PROBLEM REQUIREMENTS. Please transcribe only the lines between the one containing "Girl Cousins Captions for Instagram" and the end of the records, both ends included, exactly as written; skip every picture.

━━━ RECORD EXCERPTS

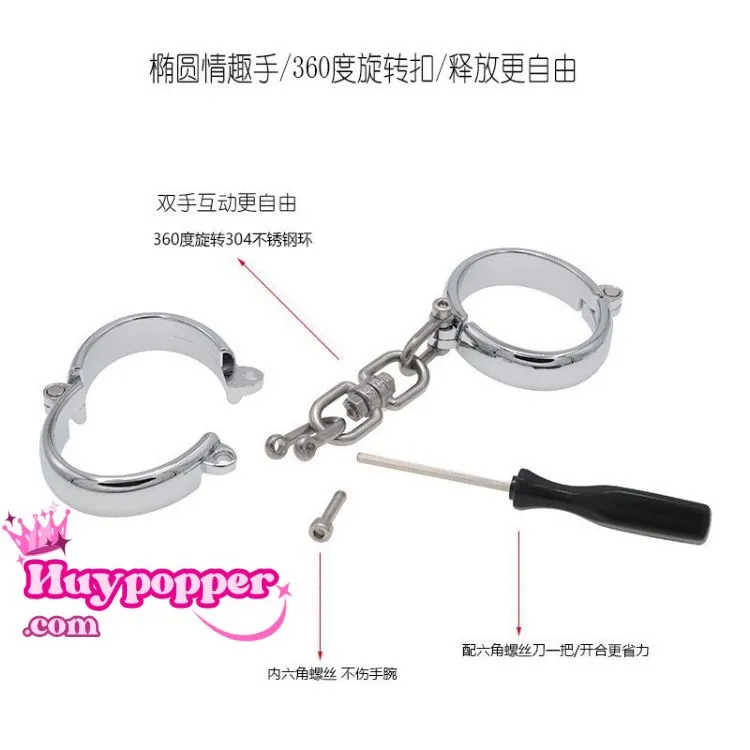 Còng tay inox bền đẹp BDSM chịu lực siêu đỉnh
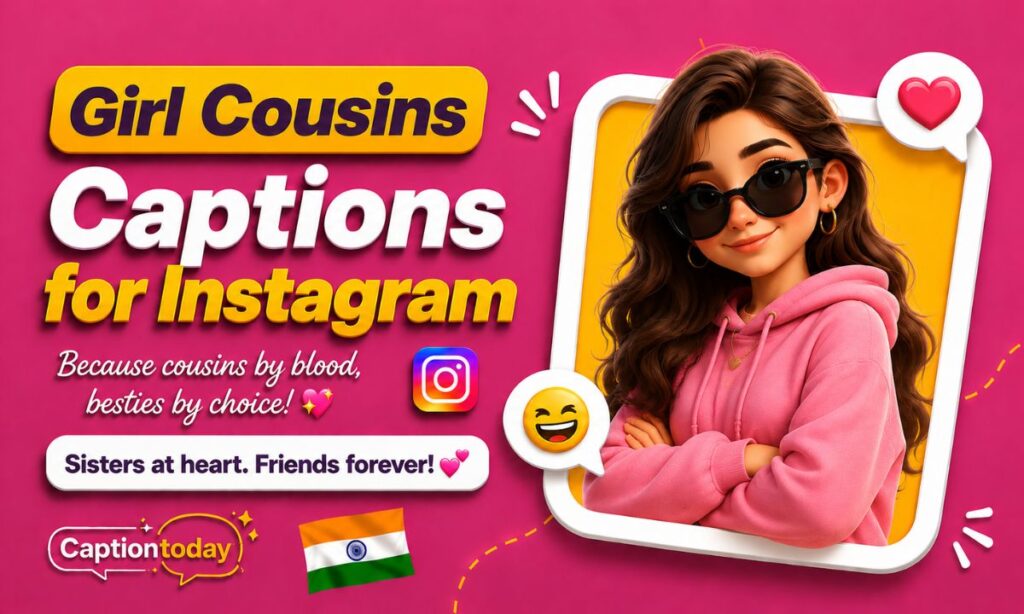 Girl Cousins Captions for Instagram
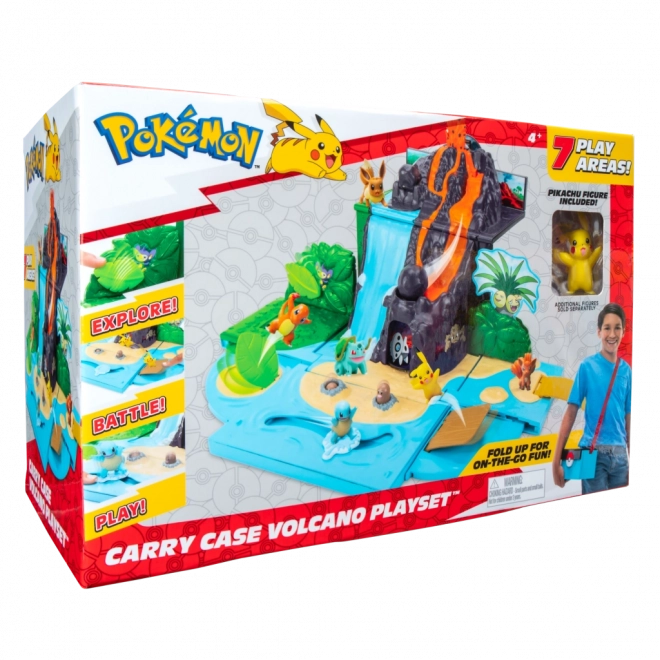 Pokemon Carry Case Volcano Playset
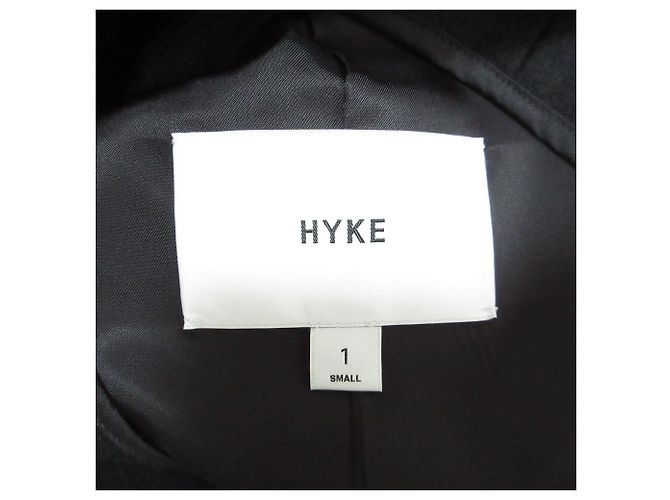 Autre Marque HYKE Liner Trench Coat Trench Coat Negro - vista 8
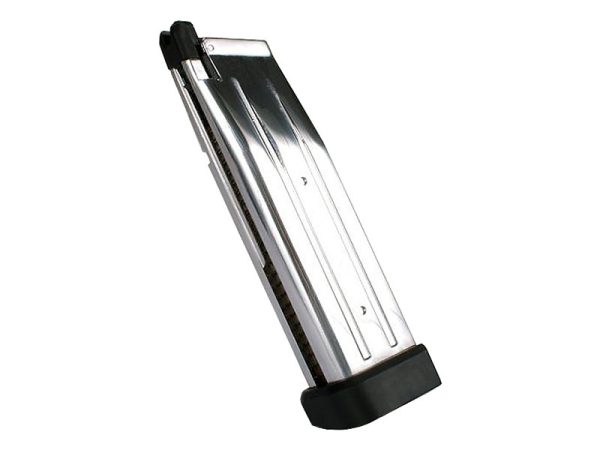 TM magazine for Marui Hi-Capa GBB, 31 BBs - Silver TM magazine for Marui Hi-Capa GBB, 31 BBs - Silver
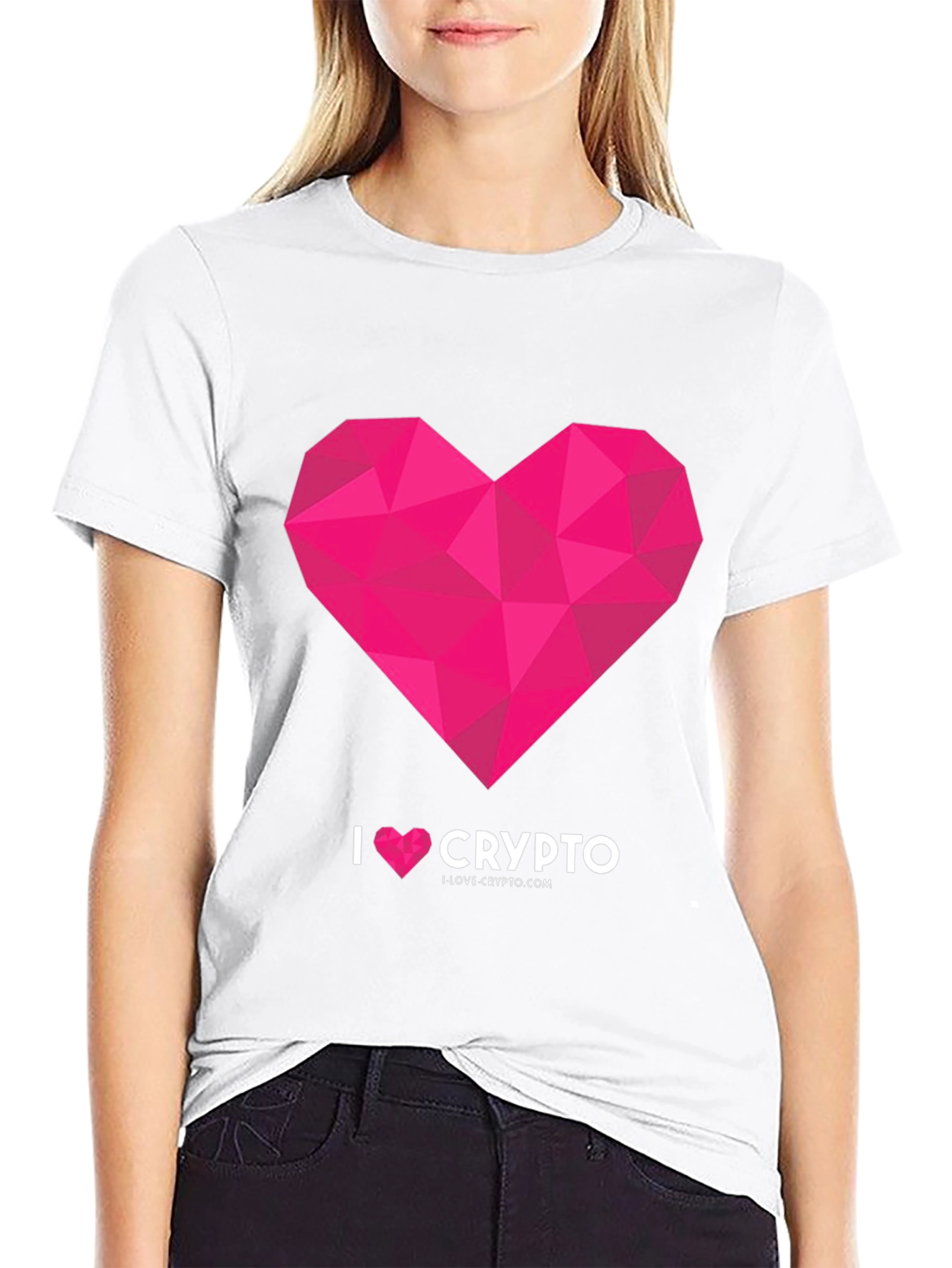 I Heart Crypto Black Graphic Tee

━━━━━━

PROBLEM SOLUTION.
 Girl Cousins Captions for Instagram
 Pokemon Carry Case Volcano Playset
 Autre Marque HYKE Liner Trench Coat Trench Coat Negro - vista 8
 TM magazine for Marui Hi-Capa GBB, 31 BBs - Silver TM magazine for Marui Hi-Capa GBB, 31 BBs - Silver
 I Heart Crypto Black Graphic Tee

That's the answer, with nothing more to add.